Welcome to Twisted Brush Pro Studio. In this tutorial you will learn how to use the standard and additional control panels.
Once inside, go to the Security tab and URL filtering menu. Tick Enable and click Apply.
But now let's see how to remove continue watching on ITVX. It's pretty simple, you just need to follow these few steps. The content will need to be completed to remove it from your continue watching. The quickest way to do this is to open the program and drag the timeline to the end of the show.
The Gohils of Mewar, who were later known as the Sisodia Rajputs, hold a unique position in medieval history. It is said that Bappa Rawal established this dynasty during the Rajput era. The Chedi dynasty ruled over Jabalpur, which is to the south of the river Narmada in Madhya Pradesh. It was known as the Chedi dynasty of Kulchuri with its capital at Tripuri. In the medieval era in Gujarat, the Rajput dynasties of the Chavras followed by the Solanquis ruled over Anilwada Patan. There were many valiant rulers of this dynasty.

==

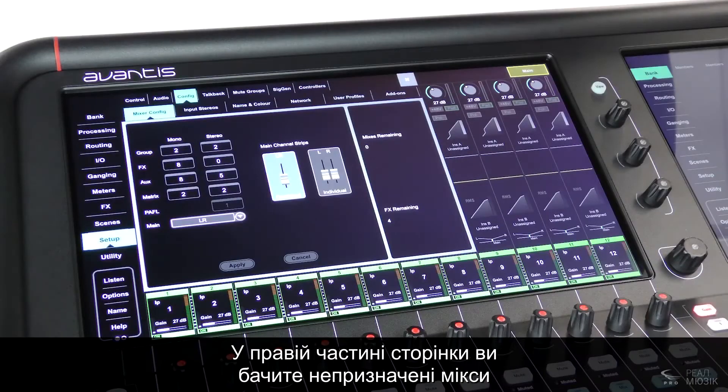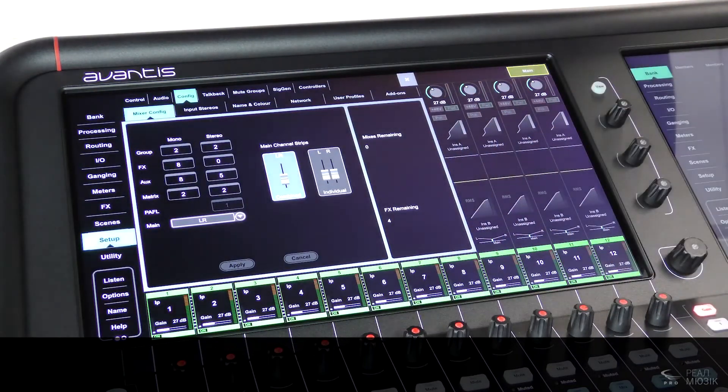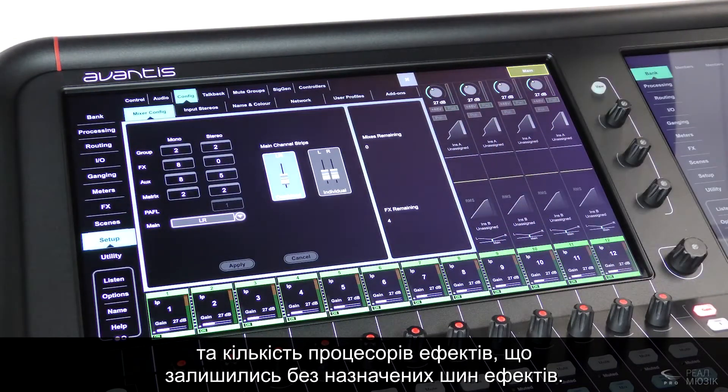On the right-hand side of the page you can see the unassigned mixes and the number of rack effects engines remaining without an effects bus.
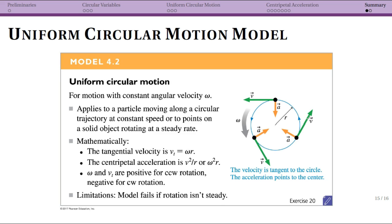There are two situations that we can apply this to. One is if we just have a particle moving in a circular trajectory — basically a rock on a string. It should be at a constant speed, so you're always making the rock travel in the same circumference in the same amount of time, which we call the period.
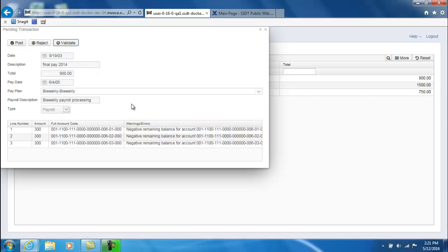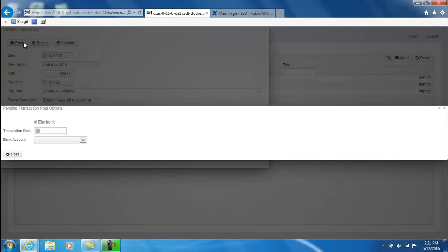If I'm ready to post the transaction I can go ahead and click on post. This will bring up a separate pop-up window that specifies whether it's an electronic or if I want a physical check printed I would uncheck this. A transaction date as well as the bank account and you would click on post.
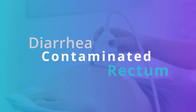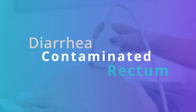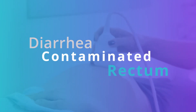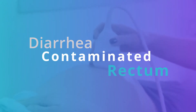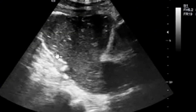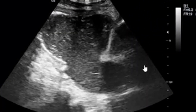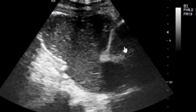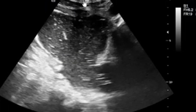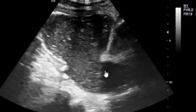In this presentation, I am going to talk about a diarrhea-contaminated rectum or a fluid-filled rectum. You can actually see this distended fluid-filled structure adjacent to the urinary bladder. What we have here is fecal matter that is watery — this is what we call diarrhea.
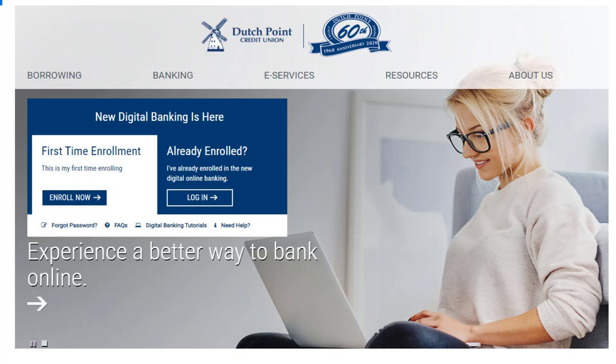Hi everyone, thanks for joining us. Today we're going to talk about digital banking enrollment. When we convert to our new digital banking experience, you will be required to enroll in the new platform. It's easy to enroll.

### [What you have to do]
From the listing above, repeat exactly the lines starting at the line that includes "Welcome to Twisted" and ending at the line that includes "But now let's", with nothing outside that span.

### [Response below]
Welcome to Twisted Brush Pro Studio. In this tutorial you will learn how to use the standard and additional control panels.
Once inside, go to the Security tab and URL filtering menu. Tick Enable and click Apply.
But now let's see how to remove continue watching on ITVX. It's pretty simple, you just need to follow these few steps. The content will need to be completed to remove it from your continue watching. The quickest way to do this is to open the program and drag the timeline to the end of the show.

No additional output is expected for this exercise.